Plusieurs fois, devant ces splendides illustrations, j'ai senti dans mon dos, sur mes bras, sur ma nuque, le frisson. Par vagues. Vagues d'indignation, d'espoir de feu et d'or, de tristesse. La Commune est cette tâche innefable sur notre histoire. Cette ultime trahison qui crée la brèche si profonde entre ce qui fait peuple, et ce qui ne le fait pas. Entre la naïveté d'une Internationale ouvrière fictive ou fantasmée, et une internationale bien réelle : celle des patrons, celle des rentiers, celle de ceux qui ne font rien d'autres que d'exploiter.
La Commune. Espoir si vaste dans un territoire si clos. Versailles, trahison si éclatante pour une république si espérée, si trahie, hier comme aujourd'hui.
Non, le sang des damnés n'est pas encore sec. Il ne peut l'être tout à fait quand, trempée dans lui, habité par lui, un tel documentaire nous est offert. Images fixes pendant 90 minutes. Fixité et pourtant présence permanente de ce mouvement qui conduit ces moblos de la guerre à la défaite, de la défaite au sursaut, du sursaut à l'apathie, et de l'apathie à la Révolution.

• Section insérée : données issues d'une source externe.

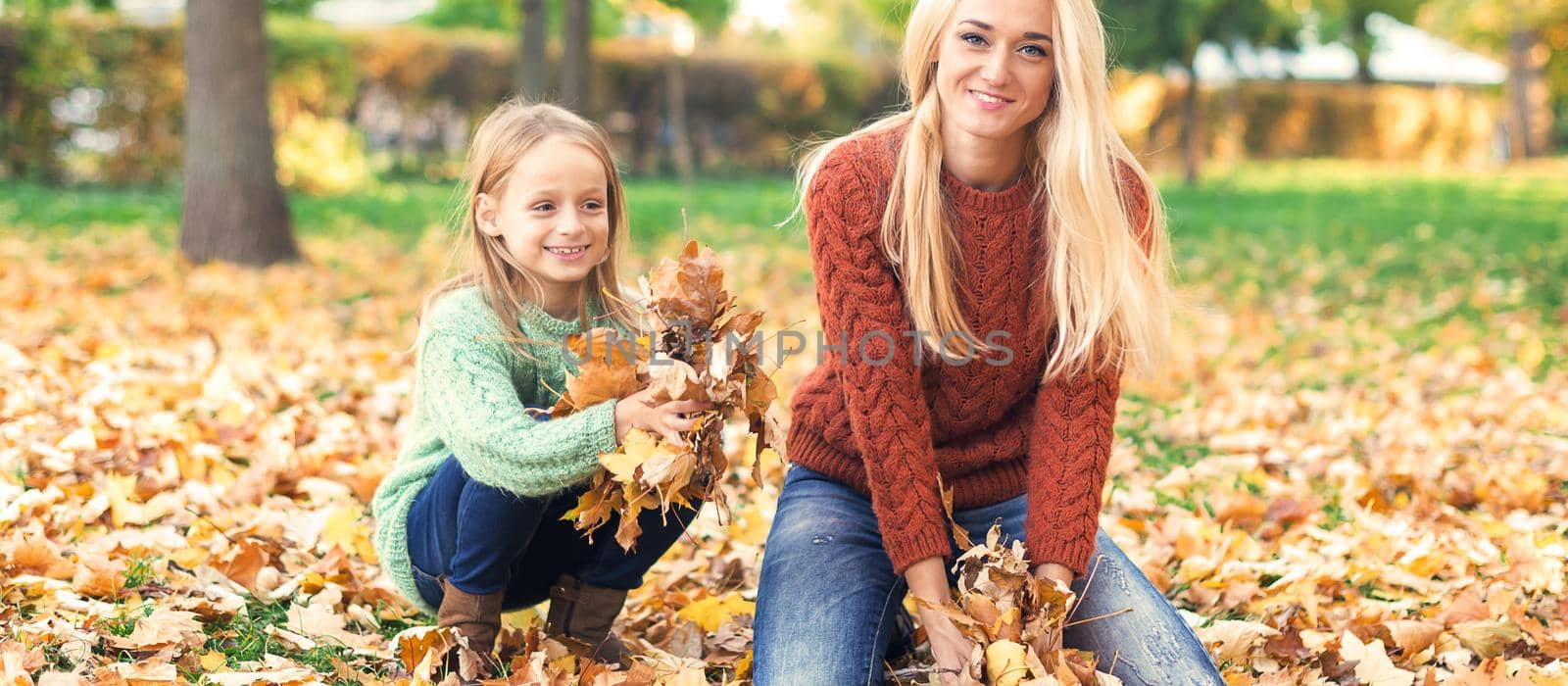 Happy young caucasian mother and little child playing with leaves in nature autumn park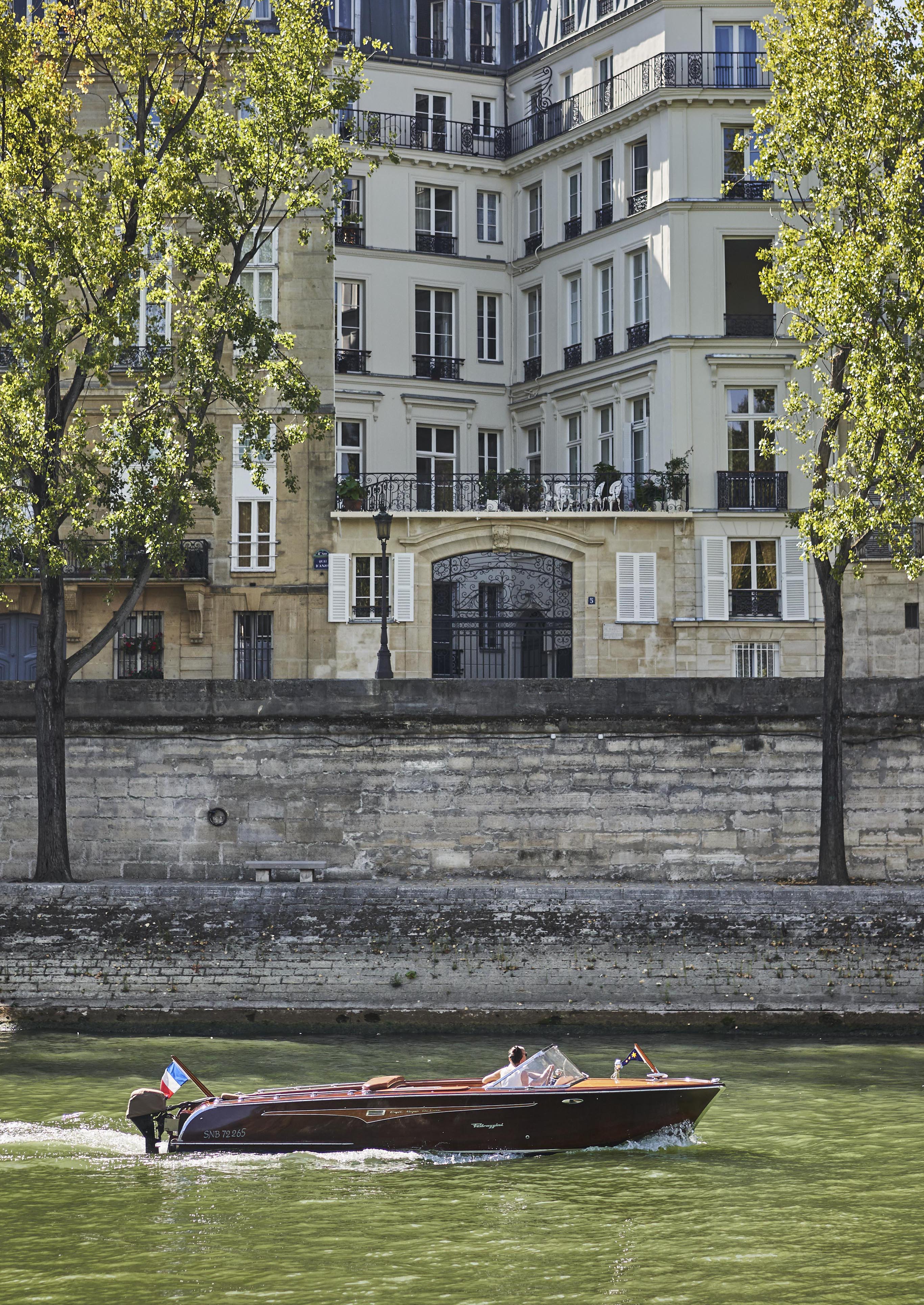 A wooden motorboat travels along a river, with a multi-story building and trees visible in the background.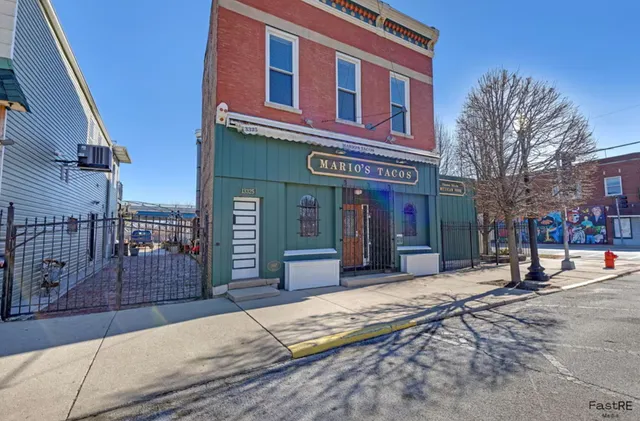 a view of a building with a street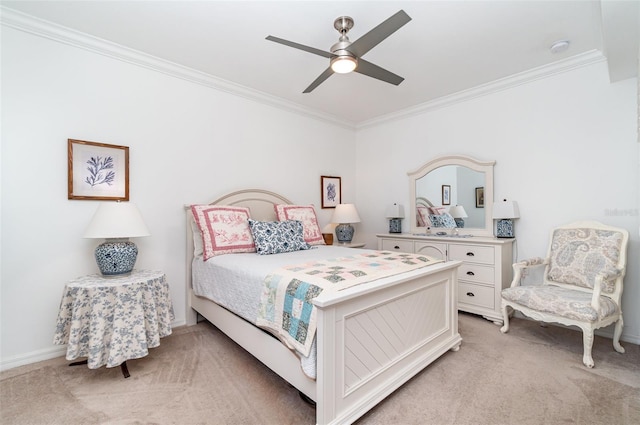 carpeted bedroom featuring ornamental molding and ceiling fan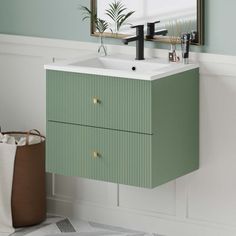 a bathroom vanity with a mirror above it and a bag on the floor next to it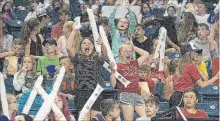  ?? BOB TYMCZYSZYN THE ST. CATHARINES STANDARD ?? Fans cheer on Team Canada against Ecuador at the FIBA U18 Americas Championsh­ip at Meridian Centre in St. Catharines Monday.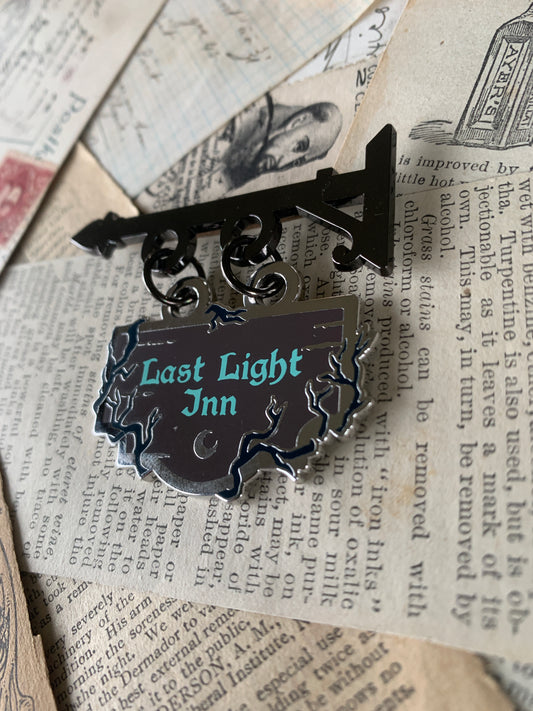 Last Light Inn shop sign enamel pin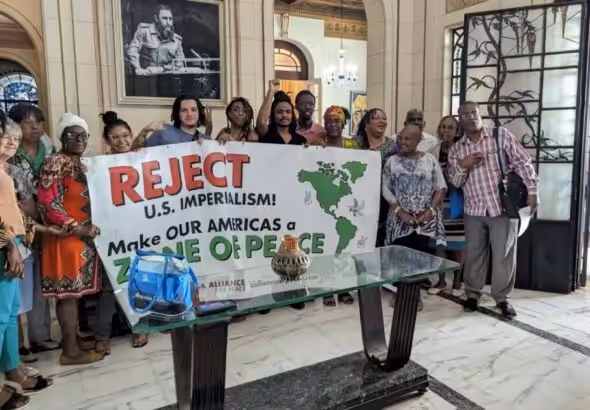 Black Alliance for Peace members hold a “Make Our America a Zone of Peace campaign” banner along with members of Instituto Cubano de Amistad con los Pueblos (ICAP). Habana, Cuba, April 2023. Photo: Black Alliance for Peace/file photo.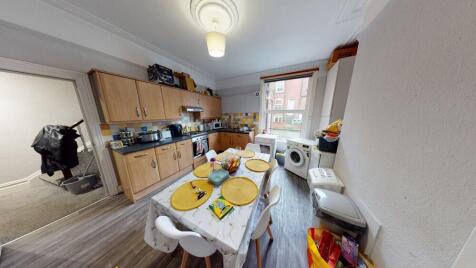 A bright and functional kitchen with ample stor...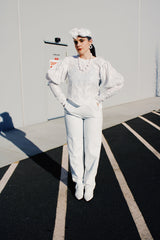 Women's retro vintage 1990's long sleeve white lace blouse with big puff sleeves and buttons in the back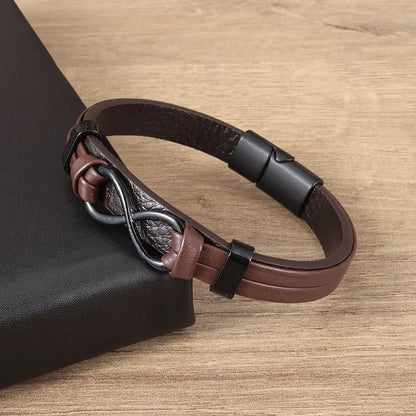 Brown leather bracelet with a black clasp on a wooden surface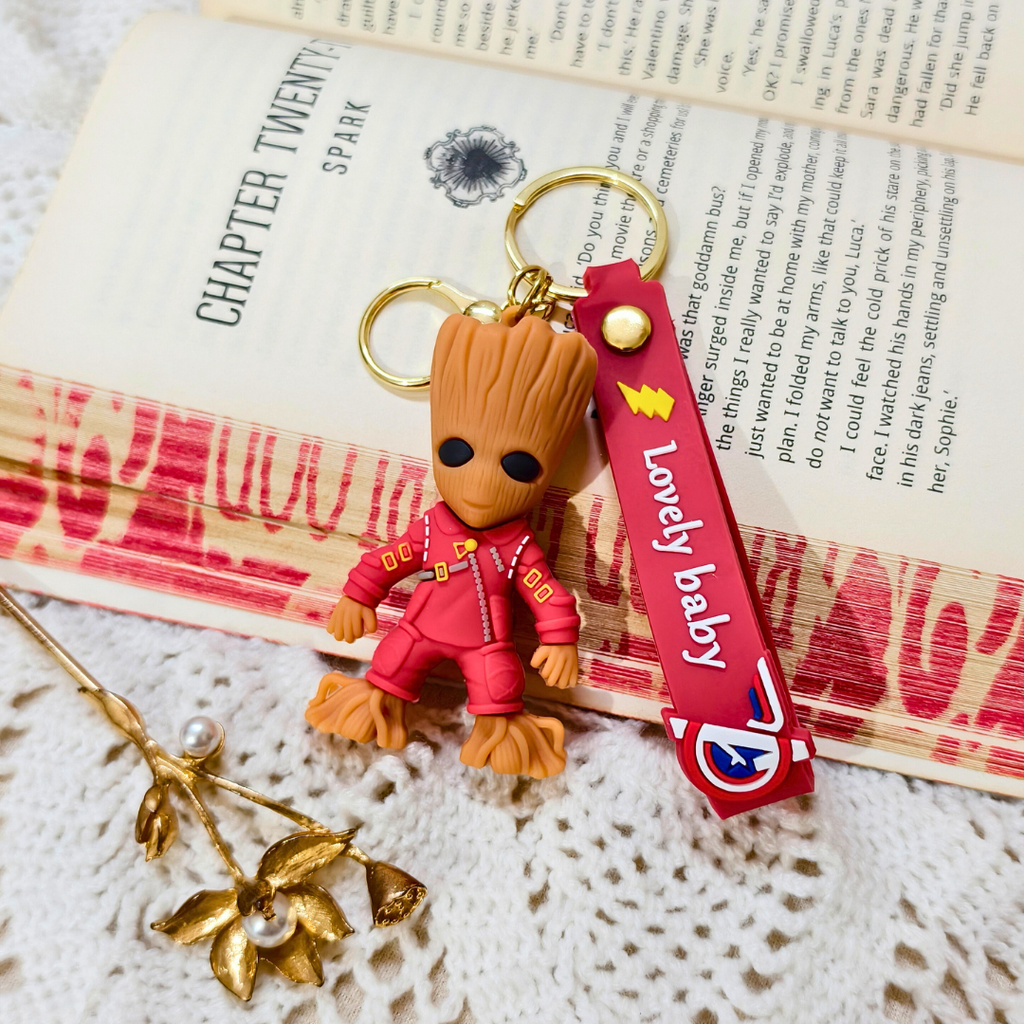 Keychain with character figure and 'Lovely baby' strap on an open book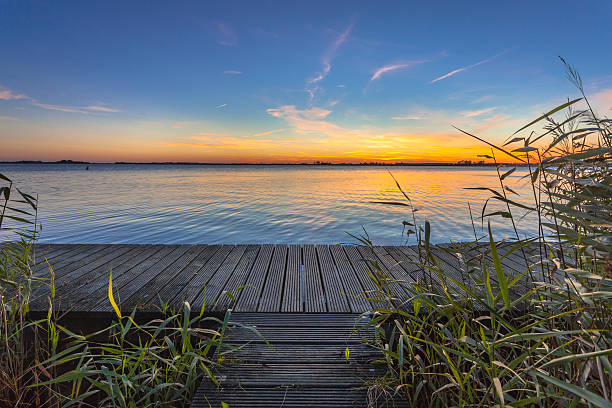 청색 및 주황색 석양을 에 보드워크의 호수 - boardwalk pontoon bridge landscape sky 뉴스 사진 이미지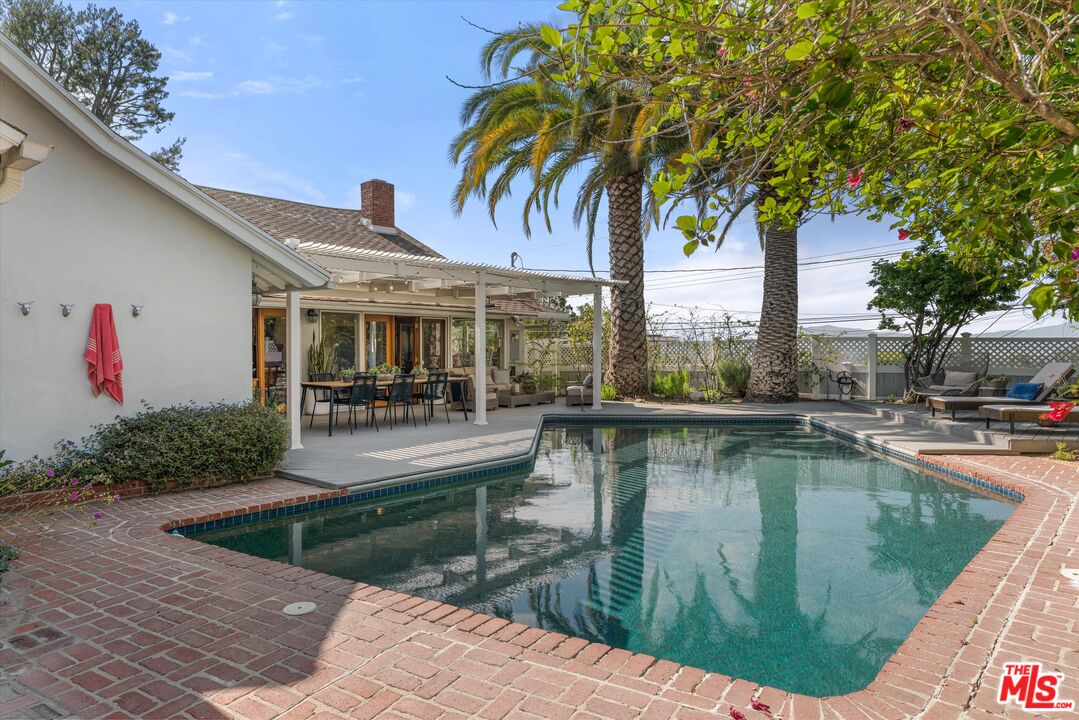 16355 Mandalay Drive Encino, CA 91436 - Photo 33 of 45 a view of a swimming pool with a patio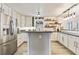 Spacious kitchen with stainless steel appliances, white cabinets, and a central island with concrete countertop at 8445 Vernon Grove Rd, Chattahoochee Hills, GA 30268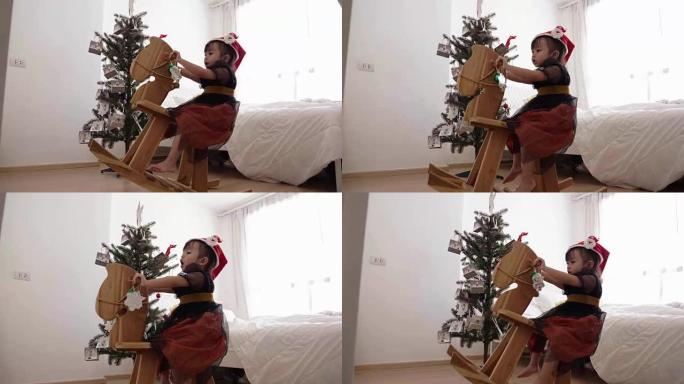 带长凳玩具的亚洲可爱女孩正在家里玩圣诞树装饰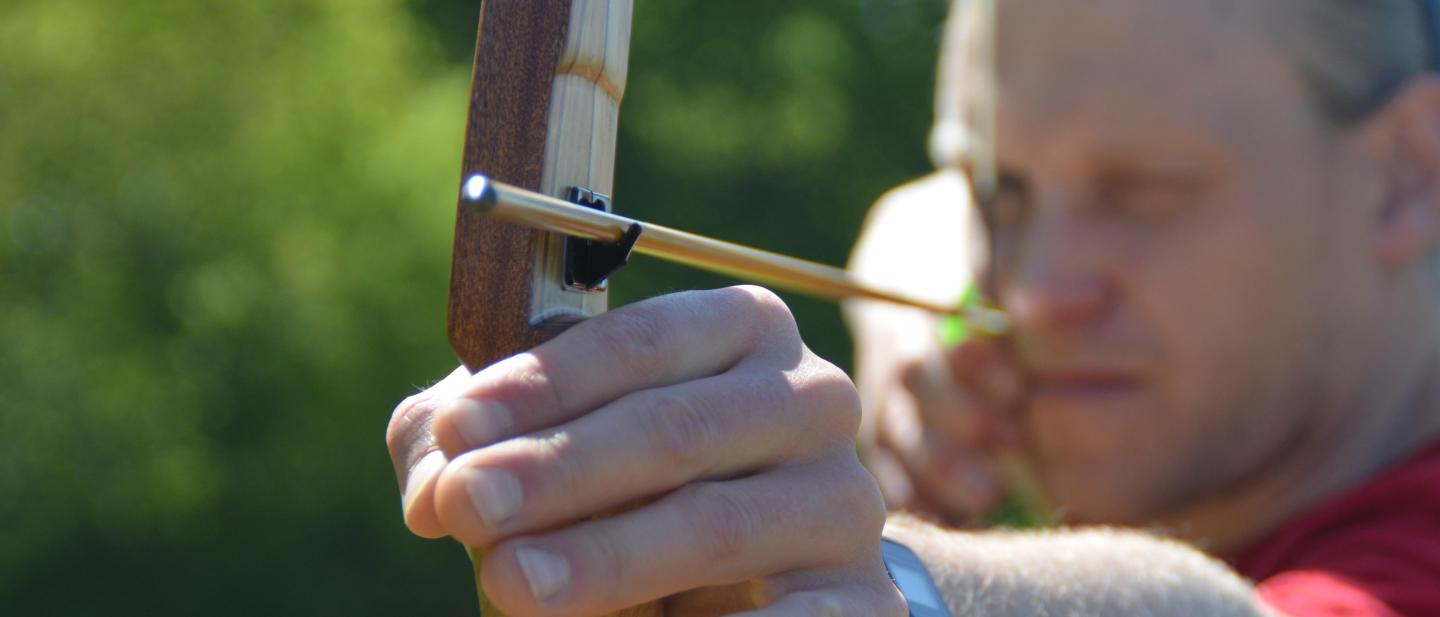 man taking aim with a bow and arrow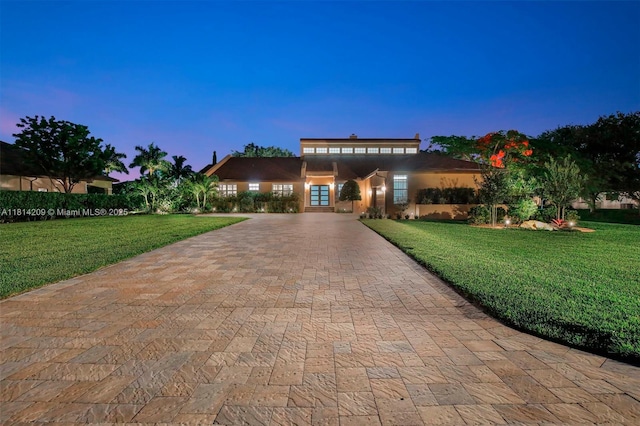 13241 SW 32nd Ct, Davie, FL 33330 - view of front of home featuring decorative driveway and a front yard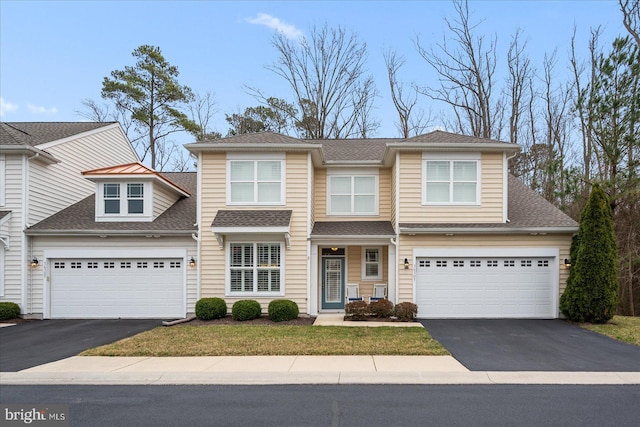 view of front of house with a garage, driveway, and roof with shingles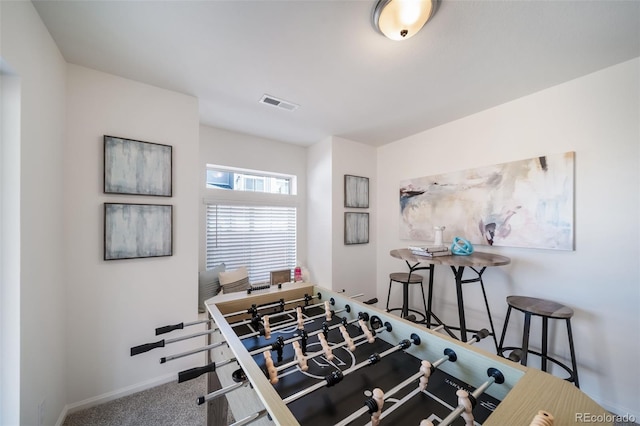 recreation room featuring carpet flooring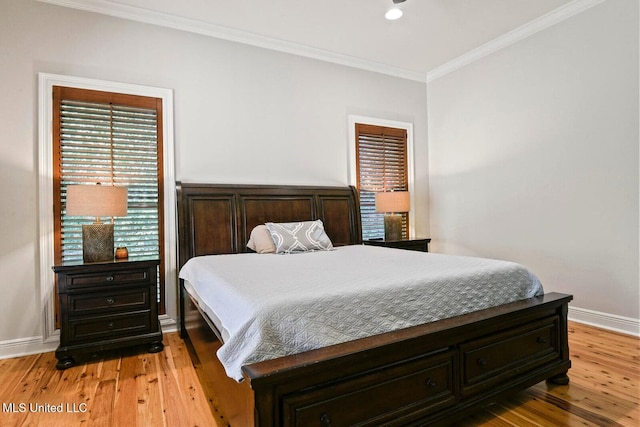 bedroom featuring crown molding and light hardwood / wood-style floors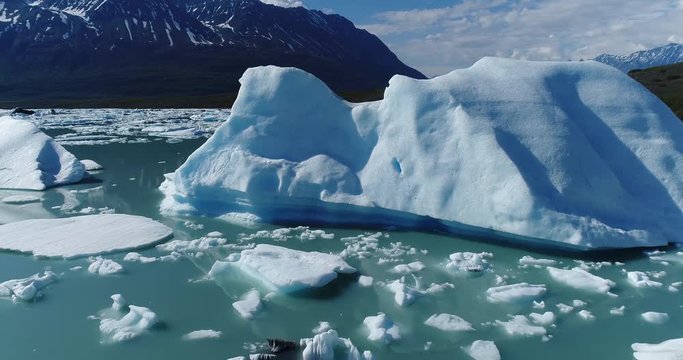 Drone footage of glaciers in water against snowcapped mountains, Alaska, USA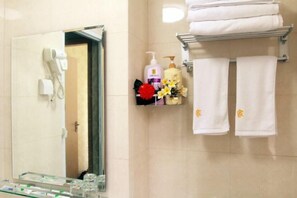 A bathroom with a mirror, a hairdryer, a shelf with toiletries, and towels. - Lian'Jia Apartment Hotel (Shenzhen Dachong Xincheng Huayuan) (Shenzhen)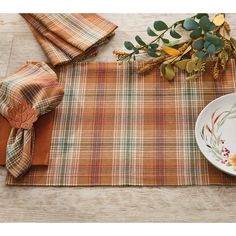 a place setting with plaid table cloths and fall leaves on the plate next to it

Fines gravures, oeil luisant, drapeau noir et blanc, où le rouge suinte. Depuis longtemps, il imprègne le sable sous les pavés. Depuis longtemps, il caille dans l'oubli des vainqueurs. Depuis longtemps il est inconvenant, comme une nudité publique. Voir ce rouge sans le voir, c'est peut-être le meilleur point de ce documentaire, et le véritable message de notre siècle. Voir la couleur où elle n'est pas, voir l'espoir où il ne peut être, voir un avenir meilleur dans une époque si sombre. Espérer à l'âge du désespoir.
Elle vit toujours. Merci Arte.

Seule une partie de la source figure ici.